9 Years Later, Sewer Rate Controversy Continues

July 21, 1998

An engineer with a PhD in fluid dynamics, Shahram Kharaghani, once had the misfortune to be assigned a project that was supposed to last one year.

Nearly nine years later, Kharaghani is still toiling over the city's sewer rate structure, seemingly unable to extricate himself from an issue so complex and controversial that even last year's overhaul of sewer rates in the city has not put the matter to rest.

Sewer rates have come to symbolize general discontent with city government. Neither the bureau's cost cutting, nor its tinkering with rates, nor its cleanup of Santa Monica Bay have spared it from political criticism.

Today the City Council will meet in Northridge to debate the sewer system yet again. Councilmen Joel Wachs and Hal Bernson plan to use the meeting as a forum. Bernson is seeking additional changes to the rate structure. Wachs is pushing for an outside audit of the sewer utility, which he calls wasteful and inefficient.

The sewer-rate controversy originates in drastic rate hikes in the late 1980s that more than quintupled costs for city residents, according to Ann Giagni, the utility's director of financial management.

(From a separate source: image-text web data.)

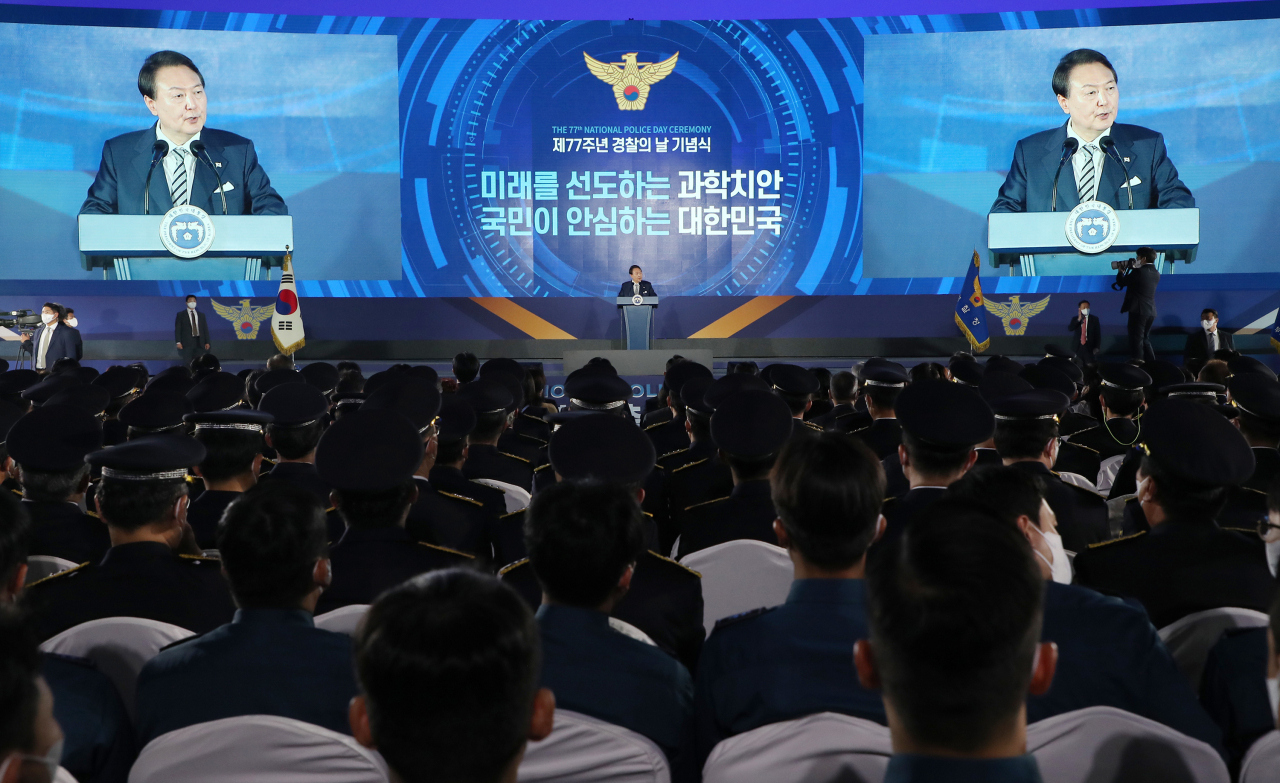 윤석열 대통령이 21일 인천시 연수구 송도컨벤시아에서 열린 제77주년 경찰의날 기념식에서 축사를 하고 있다. [연합]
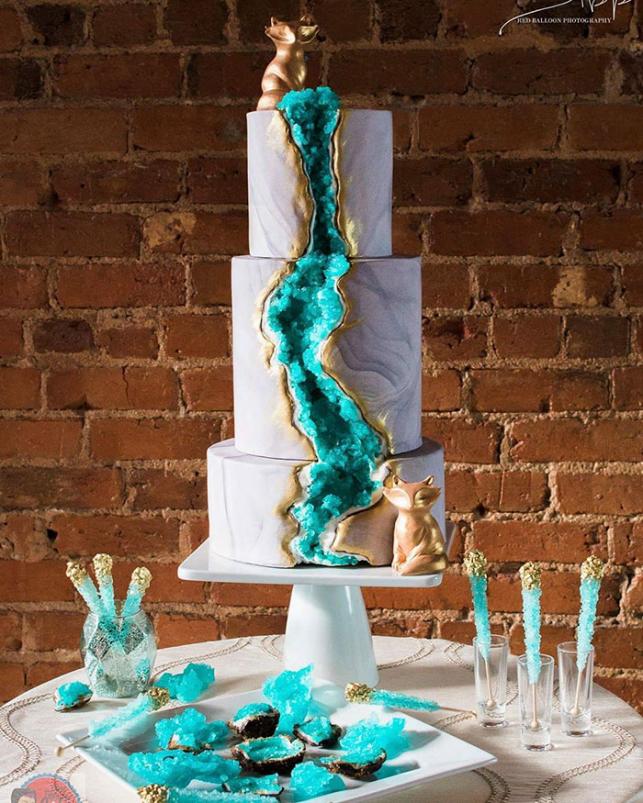 Kristály esküvői torta | Fotó via boredpanda.com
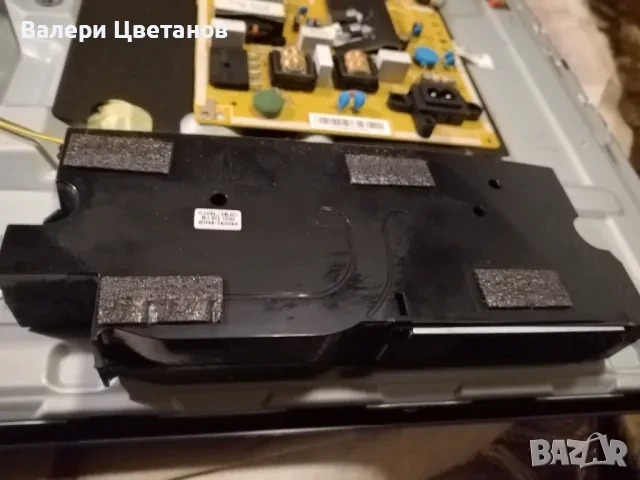 телевизор SAMSUNG UE40KU6172U  / 2 броя на части, снимка 16 - Телевизори - 51333908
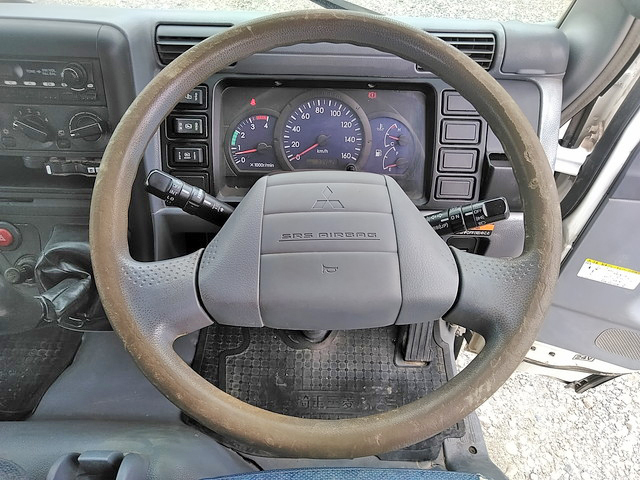 三菱ふそうキャンタークレーン3段小型（2t・3t）[写真38]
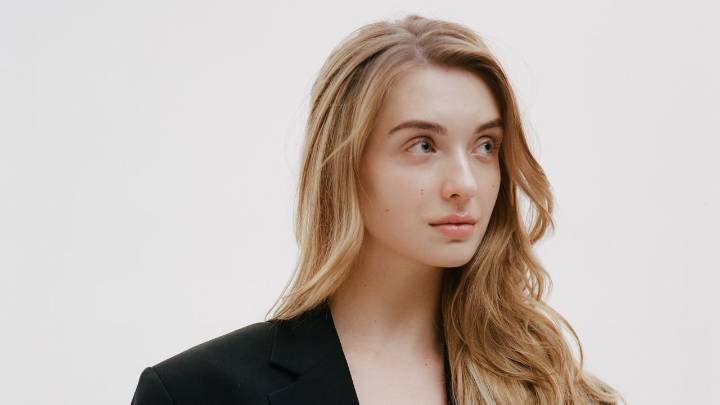 Two Vogue Editors Put the New Dyson Airwrap Coanda 2x to the Test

Most other U.S. cities have passed similar increases, and Los Angeles sanitation officials contend that the city still charges less on average for sewer service than most major cities.

In Los Angeles, a whopping $2.2 billion has been spent since a 1987 court order calling for improvements to the Hyperion Treatment Plant. The improvements decreased the plant's pollution discharged into Santa Monica Bay by 90%, but that didn't stop the controversy. In 1996, the utility was slapped with a class-action lawsuit from ratepayers that drags on to this day.

Kharaghani, one of the bureaucrats at the center of the controversy, is scheduled to speak at today's meeting.

"I have not tried to create a perfect system. You can't," he said. "My job is to create the best and fairest system. That's what I've tried to do."